Work instructions: Within the data that follows, set down exactly the lines from the one containing "100 Original Mrvi" through the one containing "V700 1.8 inch", both ends included.

Records contained in a dataset
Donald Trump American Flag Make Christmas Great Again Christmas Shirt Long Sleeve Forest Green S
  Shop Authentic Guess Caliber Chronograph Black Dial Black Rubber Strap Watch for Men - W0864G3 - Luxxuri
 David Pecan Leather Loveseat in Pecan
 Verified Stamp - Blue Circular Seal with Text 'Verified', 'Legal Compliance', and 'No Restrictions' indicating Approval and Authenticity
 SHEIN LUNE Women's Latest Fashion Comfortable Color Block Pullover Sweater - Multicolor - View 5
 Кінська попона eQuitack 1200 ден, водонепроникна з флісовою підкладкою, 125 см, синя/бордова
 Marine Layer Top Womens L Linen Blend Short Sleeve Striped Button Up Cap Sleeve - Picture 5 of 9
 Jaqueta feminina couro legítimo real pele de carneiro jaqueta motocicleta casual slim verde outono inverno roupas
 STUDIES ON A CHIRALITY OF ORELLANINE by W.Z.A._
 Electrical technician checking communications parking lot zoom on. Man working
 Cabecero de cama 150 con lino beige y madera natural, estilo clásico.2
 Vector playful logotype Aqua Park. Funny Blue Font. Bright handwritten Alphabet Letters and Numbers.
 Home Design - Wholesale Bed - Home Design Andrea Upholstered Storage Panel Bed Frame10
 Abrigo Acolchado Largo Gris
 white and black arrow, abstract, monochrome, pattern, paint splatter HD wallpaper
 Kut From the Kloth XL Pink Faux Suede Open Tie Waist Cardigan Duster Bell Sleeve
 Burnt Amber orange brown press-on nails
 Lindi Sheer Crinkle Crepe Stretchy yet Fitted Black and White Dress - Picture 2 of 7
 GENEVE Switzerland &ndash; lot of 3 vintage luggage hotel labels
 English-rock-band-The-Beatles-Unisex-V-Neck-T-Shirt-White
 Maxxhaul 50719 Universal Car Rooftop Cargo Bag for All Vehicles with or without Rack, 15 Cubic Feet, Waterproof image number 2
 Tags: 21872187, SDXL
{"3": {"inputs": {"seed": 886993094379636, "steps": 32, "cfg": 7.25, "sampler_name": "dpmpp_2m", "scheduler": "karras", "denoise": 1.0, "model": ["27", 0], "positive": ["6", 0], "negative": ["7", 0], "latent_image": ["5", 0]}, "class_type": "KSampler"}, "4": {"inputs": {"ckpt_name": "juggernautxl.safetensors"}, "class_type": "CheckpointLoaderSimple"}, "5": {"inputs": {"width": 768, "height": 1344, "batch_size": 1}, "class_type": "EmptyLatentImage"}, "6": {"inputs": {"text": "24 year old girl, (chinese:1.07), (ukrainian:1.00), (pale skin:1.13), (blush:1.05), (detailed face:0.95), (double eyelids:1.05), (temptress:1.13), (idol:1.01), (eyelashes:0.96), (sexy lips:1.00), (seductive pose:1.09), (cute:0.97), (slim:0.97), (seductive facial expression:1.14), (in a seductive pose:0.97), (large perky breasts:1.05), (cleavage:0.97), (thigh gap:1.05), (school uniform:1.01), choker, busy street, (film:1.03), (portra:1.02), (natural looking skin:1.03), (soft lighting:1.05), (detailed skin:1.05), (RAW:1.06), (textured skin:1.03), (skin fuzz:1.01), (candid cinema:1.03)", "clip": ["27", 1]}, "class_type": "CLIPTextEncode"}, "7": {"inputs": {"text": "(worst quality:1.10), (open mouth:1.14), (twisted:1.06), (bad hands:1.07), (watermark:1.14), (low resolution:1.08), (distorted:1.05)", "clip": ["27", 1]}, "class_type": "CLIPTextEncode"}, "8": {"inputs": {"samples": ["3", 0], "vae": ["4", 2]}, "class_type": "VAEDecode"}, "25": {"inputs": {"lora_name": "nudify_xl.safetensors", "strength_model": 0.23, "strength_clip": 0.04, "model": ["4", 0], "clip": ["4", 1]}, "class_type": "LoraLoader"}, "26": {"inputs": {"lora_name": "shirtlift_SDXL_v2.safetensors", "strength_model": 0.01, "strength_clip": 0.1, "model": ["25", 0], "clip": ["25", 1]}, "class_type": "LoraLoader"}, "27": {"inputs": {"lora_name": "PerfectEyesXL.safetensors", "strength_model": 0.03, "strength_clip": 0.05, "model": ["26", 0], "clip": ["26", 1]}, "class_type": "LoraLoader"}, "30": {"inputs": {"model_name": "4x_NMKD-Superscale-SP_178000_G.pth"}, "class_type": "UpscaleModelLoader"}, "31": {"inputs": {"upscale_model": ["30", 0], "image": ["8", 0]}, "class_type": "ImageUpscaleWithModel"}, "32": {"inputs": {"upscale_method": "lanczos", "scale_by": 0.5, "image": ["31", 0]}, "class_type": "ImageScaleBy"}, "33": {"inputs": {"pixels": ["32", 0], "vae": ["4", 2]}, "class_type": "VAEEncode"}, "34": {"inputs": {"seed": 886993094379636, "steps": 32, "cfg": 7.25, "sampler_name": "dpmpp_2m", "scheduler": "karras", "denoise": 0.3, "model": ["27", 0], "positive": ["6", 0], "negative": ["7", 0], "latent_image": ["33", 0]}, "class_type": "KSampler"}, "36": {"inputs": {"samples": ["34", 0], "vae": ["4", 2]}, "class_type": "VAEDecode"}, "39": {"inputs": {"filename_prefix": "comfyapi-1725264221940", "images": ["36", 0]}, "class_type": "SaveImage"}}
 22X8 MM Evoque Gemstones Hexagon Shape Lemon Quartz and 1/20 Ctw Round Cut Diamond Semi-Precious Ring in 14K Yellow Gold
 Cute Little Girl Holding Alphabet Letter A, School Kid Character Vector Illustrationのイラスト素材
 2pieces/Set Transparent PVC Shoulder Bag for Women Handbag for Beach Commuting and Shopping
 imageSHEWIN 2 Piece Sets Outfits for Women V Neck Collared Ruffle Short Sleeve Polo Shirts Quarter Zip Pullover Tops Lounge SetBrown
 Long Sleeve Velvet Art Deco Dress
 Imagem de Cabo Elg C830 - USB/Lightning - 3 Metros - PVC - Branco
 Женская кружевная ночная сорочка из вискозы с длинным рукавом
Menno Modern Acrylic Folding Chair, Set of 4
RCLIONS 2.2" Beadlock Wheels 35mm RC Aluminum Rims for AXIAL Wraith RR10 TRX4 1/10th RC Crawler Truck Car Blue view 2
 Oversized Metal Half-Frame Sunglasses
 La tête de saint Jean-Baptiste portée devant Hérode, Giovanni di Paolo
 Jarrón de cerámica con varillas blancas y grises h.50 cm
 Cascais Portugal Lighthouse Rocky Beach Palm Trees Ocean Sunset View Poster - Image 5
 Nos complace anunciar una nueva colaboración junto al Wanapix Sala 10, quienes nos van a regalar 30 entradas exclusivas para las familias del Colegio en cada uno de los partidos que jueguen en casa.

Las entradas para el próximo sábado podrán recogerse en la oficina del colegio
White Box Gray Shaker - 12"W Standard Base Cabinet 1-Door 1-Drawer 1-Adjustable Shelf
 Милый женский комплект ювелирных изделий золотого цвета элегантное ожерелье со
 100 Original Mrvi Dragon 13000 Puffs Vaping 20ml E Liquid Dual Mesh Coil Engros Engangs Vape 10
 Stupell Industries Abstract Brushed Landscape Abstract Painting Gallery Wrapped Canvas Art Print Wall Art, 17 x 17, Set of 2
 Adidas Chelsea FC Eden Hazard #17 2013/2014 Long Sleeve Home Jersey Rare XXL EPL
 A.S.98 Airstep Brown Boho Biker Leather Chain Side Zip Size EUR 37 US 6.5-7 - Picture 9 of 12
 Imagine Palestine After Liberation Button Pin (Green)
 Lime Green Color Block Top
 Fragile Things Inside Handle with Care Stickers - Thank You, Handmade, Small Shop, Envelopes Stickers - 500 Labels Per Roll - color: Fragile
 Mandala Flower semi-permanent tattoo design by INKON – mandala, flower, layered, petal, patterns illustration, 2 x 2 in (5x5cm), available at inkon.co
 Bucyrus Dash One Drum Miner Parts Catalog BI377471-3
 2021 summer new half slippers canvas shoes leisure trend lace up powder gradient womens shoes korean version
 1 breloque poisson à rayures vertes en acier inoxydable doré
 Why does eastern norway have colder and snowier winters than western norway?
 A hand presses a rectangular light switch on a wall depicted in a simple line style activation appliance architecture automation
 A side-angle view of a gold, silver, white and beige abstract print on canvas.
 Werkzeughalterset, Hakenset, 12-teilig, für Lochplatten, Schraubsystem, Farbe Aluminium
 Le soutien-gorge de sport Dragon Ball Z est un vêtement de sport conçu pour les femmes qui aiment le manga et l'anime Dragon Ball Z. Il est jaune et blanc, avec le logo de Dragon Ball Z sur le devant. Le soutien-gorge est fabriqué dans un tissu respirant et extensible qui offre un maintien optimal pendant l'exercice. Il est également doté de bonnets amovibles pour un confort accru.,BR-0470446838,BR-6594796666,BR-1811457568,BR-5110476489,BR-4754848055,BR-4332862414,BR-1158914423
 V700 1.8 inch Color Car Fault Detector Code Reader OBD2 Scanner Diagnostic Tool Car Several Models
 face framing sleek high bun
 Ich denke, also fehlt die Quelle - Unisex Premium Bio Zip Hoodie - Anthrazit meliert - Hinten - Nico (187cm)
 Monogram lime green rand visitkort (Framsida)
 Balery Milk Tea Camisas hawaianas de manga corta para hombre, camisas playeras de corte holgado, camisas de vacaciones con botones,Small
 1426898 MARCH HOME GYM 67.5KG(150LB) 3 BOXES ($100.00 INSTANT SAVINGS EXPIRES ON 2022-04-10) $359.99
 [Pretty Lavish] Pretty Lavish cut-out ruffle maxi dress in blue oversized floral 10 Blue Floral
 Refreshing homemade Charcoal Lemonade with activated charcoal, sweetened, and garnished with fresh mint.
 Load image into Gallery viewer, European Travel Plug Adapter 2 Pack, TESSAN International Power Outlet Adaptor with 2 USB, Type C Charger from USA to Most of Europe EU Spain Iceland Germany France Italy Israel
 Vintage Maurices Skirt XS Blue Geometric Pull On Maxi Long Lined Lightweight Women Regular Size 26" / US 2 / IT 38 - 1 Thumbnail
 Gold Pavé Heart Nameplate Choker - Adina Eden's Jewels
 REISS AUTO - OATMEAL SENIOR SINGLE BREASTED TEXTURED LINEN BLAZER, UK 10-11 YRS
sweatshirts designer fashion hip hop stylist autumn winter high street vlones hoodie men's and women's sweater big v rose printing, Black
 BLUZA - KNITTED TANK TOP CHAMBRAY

Output below:
 100 Original Mrvi Dragon 13000 Puffs Vaping 20ml E Liquid Dual Mesh Coil Engros Engangs Vape 10
 Stupell Industries Abstract Brushed Landscape Abstract Painting Gallery Wrapped Canvas Art Print Wall Art, 17 x 17, Set of 2
 Adidas Chelsea FC Eden Hazard #17 2013/2014 Long Sleeve Home Jersey Rare XXL EPL
 A.S.98 Airstep Brown Boho Biker Leather Chain Side Zip Size EUR 37 US 6.5-7 - Picture 9 of 12
 Imagine Palestine After Liberation Button Pin (Green)
 Lime Green Color Block Top
 Fragile Things Inside Handle with Care Stickers - Thank You, Handmade, Small Shop, Envelopes Stickers - 500 Labels Per Roll - color: Fragile
 Mandala Flower semi-permanent tattoo design by INKON – mandala, flower, layered, petal, patterns illustration, 2 x 2 in (5x5cm), available at inkon.co
 Bucyrus Dash One Drum Miner Parts Catalog BI377471-3
 2021 summer new half slippers canvas shoes leisure trend lace up powder gradient womens shoes korean version
 1 breloque poisson à rayures vertes en acier inoxydable doré
 Why does eastern norway have colder and snowier winters than western norway?
 A hand presses a rectangular light switch on a wall depicted in a simple line style activation appliance architecture automation
 A side-angle view of a gold, silver, white and beige abstract print on canvas.
 Werkzeughalterset, Hakenset, 12-teilig, für Lochplatten, Schraubsystem, Farbe Aluminium
 Le soutien-gorge de sport Dragon Ball Z est un vêtement de sport conçu pour les femmes qui aiment le manga et l'anime Dragon Ball Z. Il est jaune et blanc, avec le logo de Dragon Ball Z sur le devant. Le soutien-gorge est fabriqué dans un tissu respirant et extensible qui offre un maintien optimal pendant l'exercice. Il est également doté de bonnets amovibles pour un confort accru.,BR-0470446838,BR-6594796666,BR-1811457568,BR-5110476489,BR-4754848055,BR-4332862414,BR-1158914423
 V700 1.8 inch Color Car Fault Detector Code Reader OBD2 Scanner Diagnostic Tool Car Several Models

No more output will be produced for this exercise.